Dans la nuit j’ai très peu dormi. Une fois ensommeillée, un peu avant l’aube et l’heure de nous lever, j’ai vu en rêve que de mon front se dressait un signe qui était à la fois un phallus et une corne de licorne.

Nous avons chargé les bagages dans la minuscule voiture de location aux vitres givrées, nous nous sommes insérés dans l’espace restant, nous sommes partis. Une première visite à Bordeaux, puis nous sommes repartis. La longue route droite qui traverse les vignes et finit par plonger en plein désert de marais jaunes, le pays de mon enfance et de ma jeunesse. La deuxième visite. J’ai photographié la photo de lui dans le buffet, tout jeune et beau et sensuel dans son habit de soldat, pendant son service en Algérie.

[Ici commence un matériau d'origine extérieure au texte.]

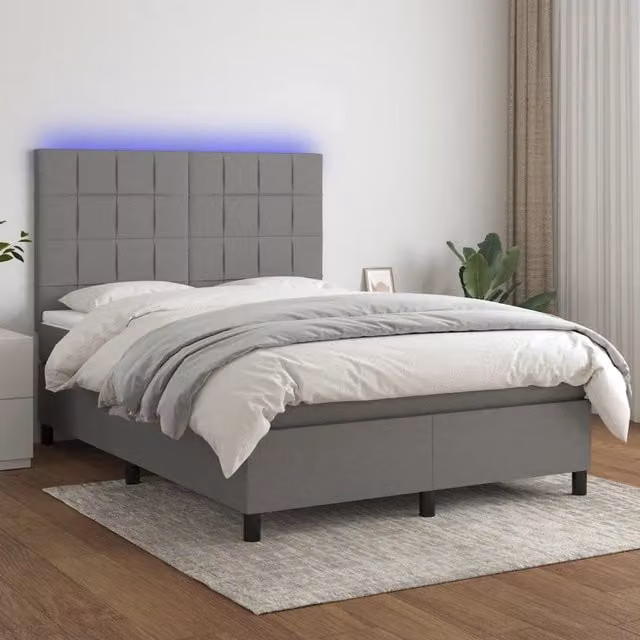 Letto Ibrido con Materasso e Illuminazione LED vidaXL in Tessuto Grigio L/P/H: 140 x 200 x 128 cm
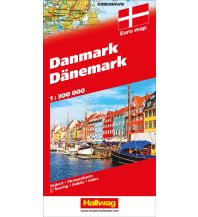 Road Maps Dänemark Strassenkarte 1:300 000 Hallwag Verlag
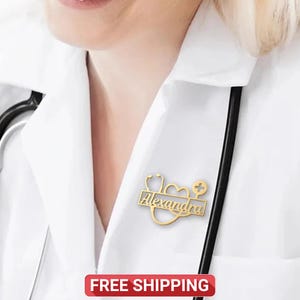 Custom Stethoscope Name Brooch – Personalized Doctor Nurse Pin, Heart Stainless Steel Badge for Medical Student, Gold Silver Jewelry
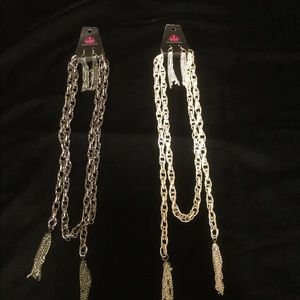 🆕 Necklaces with Earrings set. Silver and Gray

C’était avant la guerre, il ne l’a pas faite, mais a toujours critiqué amèrement les exactions françaises là-bas. Je ne lui ai parlé que de vieux souvenirs, ce sont les seuls qui lui sont restés, un peu. Nous sommes repartis, nous avons pris le bac pour traverser l’estuaire. Il va plus vite que du temps où je le prenais tout le temps, l’embarquement et le débarquement sont bien mieux sécurisés. Il pleuvait et pleuvait sur Royan, et encore bien après. J’ai pensé que la vie est bien faite : quand on est jeune, on est assez solide pour pouvoir se confronter au manque de confort en tout genre, et quand on n’est plus jeune, on peut le faire aussi sans problème parce qu’on a connu un temps où tout était bien moins confortable.

De toute façon, le confort, c’est la mort. Seigneur, bénis les tout-petits, qu’ils en soient au début ou à la fin. S’ils ne venaient et redevenaient si petits, ils ne pourraient venir de Toi ni retourner à Toi.